$n\in N $
$\text{and }(n^3 +2)\,\mod\,(2n+1)=0$
$\text{please find }n$
Last edited by MarkFL; January 29th, 2013 at 17:11. Reason: tidy up LaTeX a bit
Let $2n + 1 = p$. Then:
$$n^3 + 2 \equiv \left [ 2^{-1} (p - 1) \right ]^3 + 2 \equiv 2 - 2^{-3} \pmod{p}$$
Thus, to satisfy your condition, we require:
$$ 2^{-3} \equiv 2 \pmod{p} ~ ~ \implies ~ ~ 2^{-4} \equiv 1 \pmod{p} ~ ~ \implies 2^4 \equiv 16 \equiv 1 \pmod{p}$$
Therefore the only solutions for $p$ are $\{1, 3, 5, 15\}$, which translate to $n = \{0, 1, 2, 7\}$.

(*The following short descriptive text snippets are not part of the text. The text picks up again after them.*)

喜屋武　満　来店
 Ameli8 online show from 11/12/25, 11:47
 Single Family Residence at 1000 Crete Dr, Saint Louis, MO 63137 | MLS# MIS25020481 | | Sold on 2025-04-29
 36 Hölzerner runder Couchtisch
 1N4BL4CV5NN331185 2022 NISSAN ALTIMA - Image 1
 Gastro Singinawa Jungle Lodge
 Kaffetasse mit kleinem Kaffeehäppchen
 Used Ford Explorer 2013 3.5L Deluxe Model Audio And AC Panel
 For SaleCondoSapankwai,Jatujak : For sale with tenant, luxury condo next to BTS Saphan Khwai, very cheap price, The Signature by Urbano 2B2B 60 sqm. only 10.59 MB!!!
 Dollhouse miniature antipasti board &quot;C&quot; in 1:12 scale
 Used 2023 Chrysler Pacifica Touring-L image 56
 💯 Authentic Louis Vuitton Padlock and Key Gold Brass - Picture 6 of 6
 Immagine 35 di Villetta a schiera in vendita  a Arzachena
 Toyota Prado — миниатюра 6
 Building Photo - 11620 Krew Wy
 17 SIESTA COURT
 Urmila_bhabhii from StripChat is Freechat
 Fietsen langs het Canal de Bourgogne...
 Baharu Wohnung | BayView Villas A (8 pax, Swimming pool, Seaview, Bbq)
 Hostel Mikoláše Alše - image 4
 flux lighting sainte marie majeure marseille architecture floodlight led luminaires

May be verified experimentally:
Bacterius:
your answer : n=0,1,2,7
but here n is a positive integer number so n=0 should be deleted
Albert
I believe some definitions of $\mathbb{N}$ include zero, but most do not.
$\text{here is my solution: for }\,n^3+2\,\mod\,2n+1=0$
$\text{we have }\,8n^3+16\,\mod\,2n+1=0$
$\text{but }\,8n^3+16\,\mod\,2n+1=15 $
$\therefore\,15\,\mod\,2n+1=0$
$\text{and }\,n=\begin{Bmatrix}
1,2,7
\end{Bmatrix}$
Last edited by Albert; January 29th, 2013 at 23:28.
Albert,
Just a LaTeX tip...to include text within your code, so that it is not italicized like the variables are, use the \text{} command, e.g., \text{insert text here}. Leave everything else outside of the braces.